Con esta banda “adoptada”, entonces –un pedacito de Los Amigos del Chango, advierte Murúa, ya que casi todos forman en este grupo–, la cordobesa encarará en Buenos Aires la presentación en vivo de un disco en vivo: de ese modo fue registrado Sal en Córdoba, así que muestra esa potencia. A la que se suma la de la interpretación de Murúa, capaz de exhibir una paleta de matices y sentimientos para un repertorio que abarca a Dávalos y Falú, Castilla y Leguizamón, Cadícamo y Troilo, destacados temas propios y de nuevos compositores, y una muy original versión flamenca de “Luna de Tartagal”, de Chango Rodríguez. Esta grabación, cuenta la intérprete, también tuvo que ver con una “decisión de hacer”. “En medio de este desamor y revés que estamos viviendo como país, siento que es el momento de ponernos al hombro la adversidad para transformarla en posibilidad. Y que, si le buscamos la vuelta, hay posibilidades de gestar cosas, como ya ha ocurrido en momentos negros del país”, asegura. 
–¿Así fue pensado este disco en vivo?
–Claro. Había hecho el disco anterior (Acacia) en vivo, pero sola: en un bosque de acacias en Unquillo, en medio de las sierras de Córdoba. Cuando lo presenté, todo el mundo me dijo “¡Pero por qué no invitaste a la grabación!” Y yo, que ya tenía conceptualmente armado este repertorio nuevo, me puse a imaginarlo así, rodeada de toda esa gente que se entusiasma junto conmigo. También lo pensamos, por así decirlo, como un sacha financiamiento colectivo: armé un concierto y con el dinero de la entrada pude costear toda la primera parte de la grabación. Recaudé 60 mil pesos y con eso cubrí después todo ese día de trabajo. Para eso necesitaba una sala que no me matara con los costos y encontré una ideal: el bar de la Estación Mitre de trenes, en Córdoba. Un lugar que tiene toda la ambientación de 1900, hermoso. Me surgió pensar cuánta gente se habrá dado el último beso de despedida ahí, o el abrazo del reencuentro, durante tantos años...
–Uno de sus temas, “Tu mama calma”, sonó como bandera contra la prohibición de amamantar en la vía pública. ¿Imagina estos destinos cuando compone?

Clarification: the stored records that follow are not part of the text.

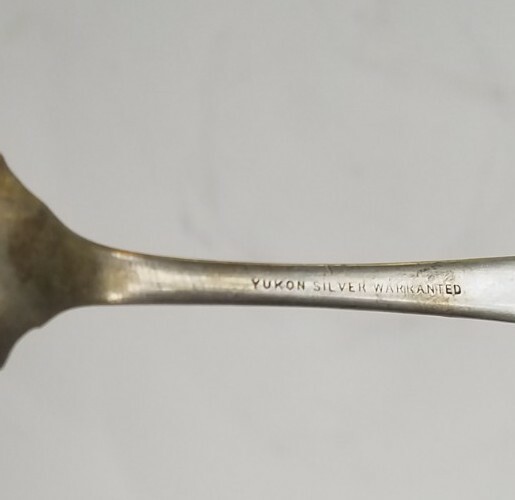 Antique 6 in Shell shape and Design spoon marked Yukon silver warranted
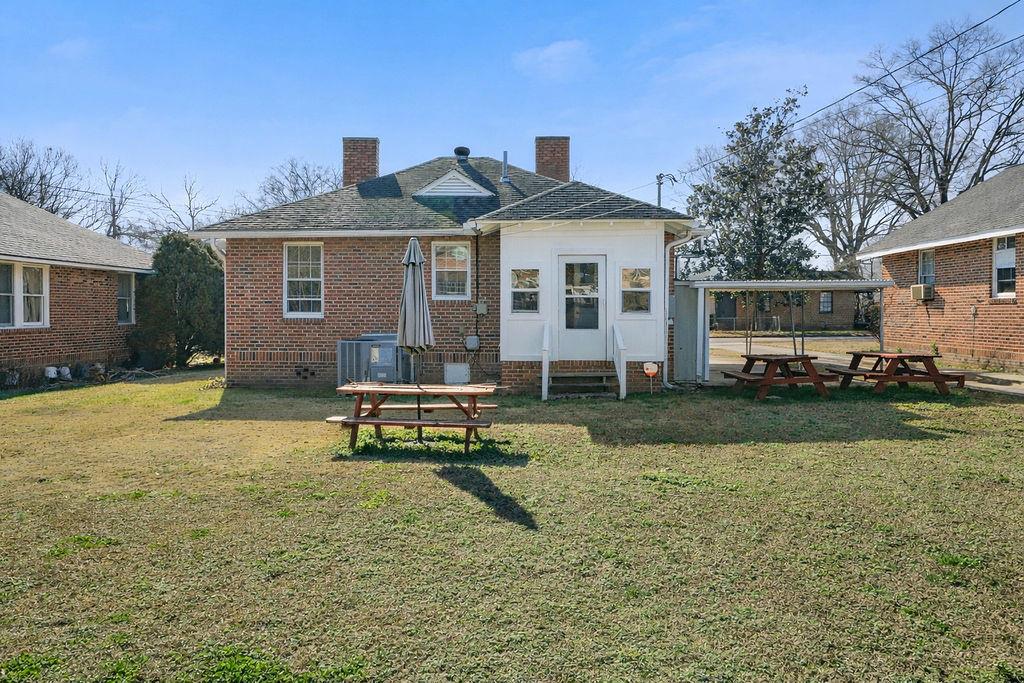 14 Green Street Northeast Rome, GA 30161 - Photo 22 of 24 a view of a house with backyard and sitting area
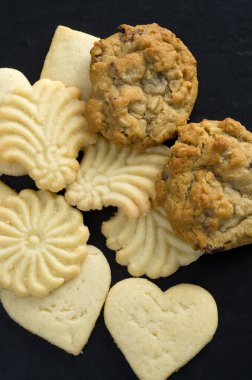 Macro Image of Delicious Shortbread and Raisins Cookies on Dark Background Vertical clipart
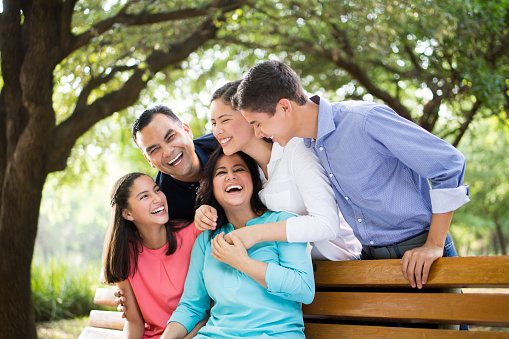 A latin family of five embracing and laughing together on a bench in a horizontal medium shot outdoors.
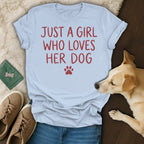 Light blue t-shirt with red text "JUST A GIRL WHO LOVES HER DOG" and paw print.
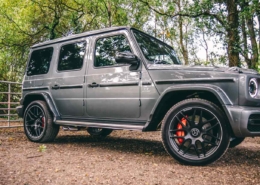Mercedes-Benz G-Class available at online car auctions, parked on a dirt road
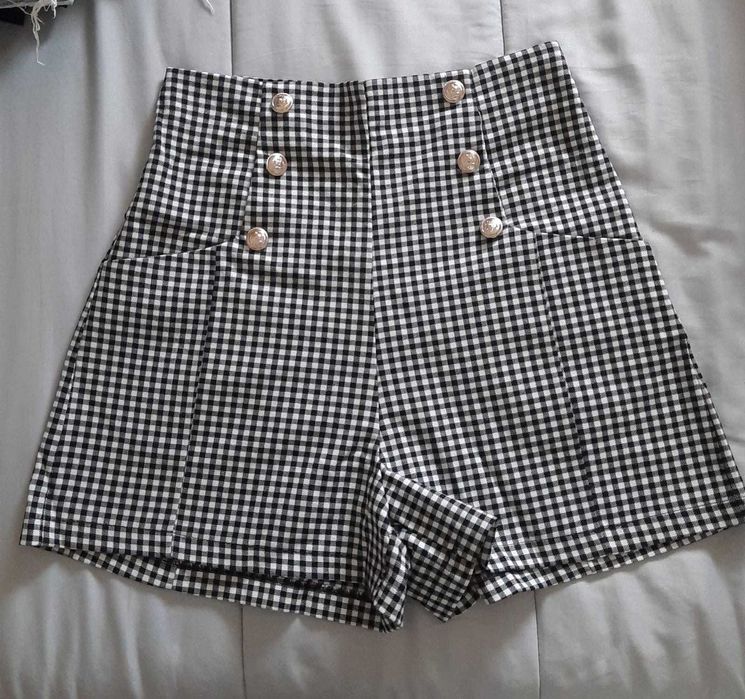 Calções xadrez- pouco usados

–En realidad, no compongo sistemáticamente, y no me considero para nada una “cantautora” o compositora. Las canciones que he grabado han sido revelaciones que me han sucedido en un momento en que se ve que no podía decir de otra forma algo que quería expresar. Simplemente me tomo el trabajo que me enseñó Ramiro González: “vos grabá todo lo que se te venga, llevate una libretita y anotá, no pierdas el impulso”, me dijo él. Y eso hago yo. Esa canción me salió porque la Violeta mía, que ahora tiene 5 años, me dejó la teta ¡motu proprio! En un momento me dijo “gracias por los servicios prestados” y no tomó más. ¡Y a mí me agarró una angustia! Por esos días vino a casa Roberto Cantos, de Los Copla (mi marido, Gustavo Gutiérrez, trabaja con ellos) y me vio triste. Cuando le expliqué por qué, él, que tiene cinco hijos, se rió mucho y me dijo: “Es el primer adiós que te hizo la chinita, de un largo trecho”. Y así empieza la canción: “Es un adiós nomás, tantos que tiene un trecho”...

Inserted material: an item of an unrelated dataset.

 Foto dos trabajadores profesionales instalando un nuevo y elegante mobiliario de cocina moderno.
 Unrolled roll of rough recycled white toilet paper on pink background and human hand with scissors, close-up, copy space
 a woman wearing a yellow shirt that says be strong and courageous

–Hoy hay un panorama muy amplio de intérpretes femeninas dentro de la música de raíz. ¿Qué impronta personal querría dejar?
–Siempre estoy peleando por que la música deje de tener esta cuestión de una competencia. Es cierto, somos muchas minas y mucha gente haciendo música hoy. A mí me hace sentir que mientras más seamos haciendo arte, mejor va a ser el mundo. Me hace feliz que cada vez seamos más las mujeres, y los varones, niños y niñas vinculados al arte en todos sus aspectos. Después, todo decanta: tal vez te decías a otra cosa, pero el veinte por cierto de tu vida lo pasás haciendo arte. Listo, ahí ya tenés una herramienta de liberación. Porque eso es, en definitiva, la música, el arte. Yo puedo decir que la música me salvó la vida. Y me puso en los lugares que fueron los mejores para mí y para los que quiero. Siempre. Entonces, no pienso en una impronta personal; creo que cada vez tenemos que ser más, y voy por cada vez más arte, al alcance de todos.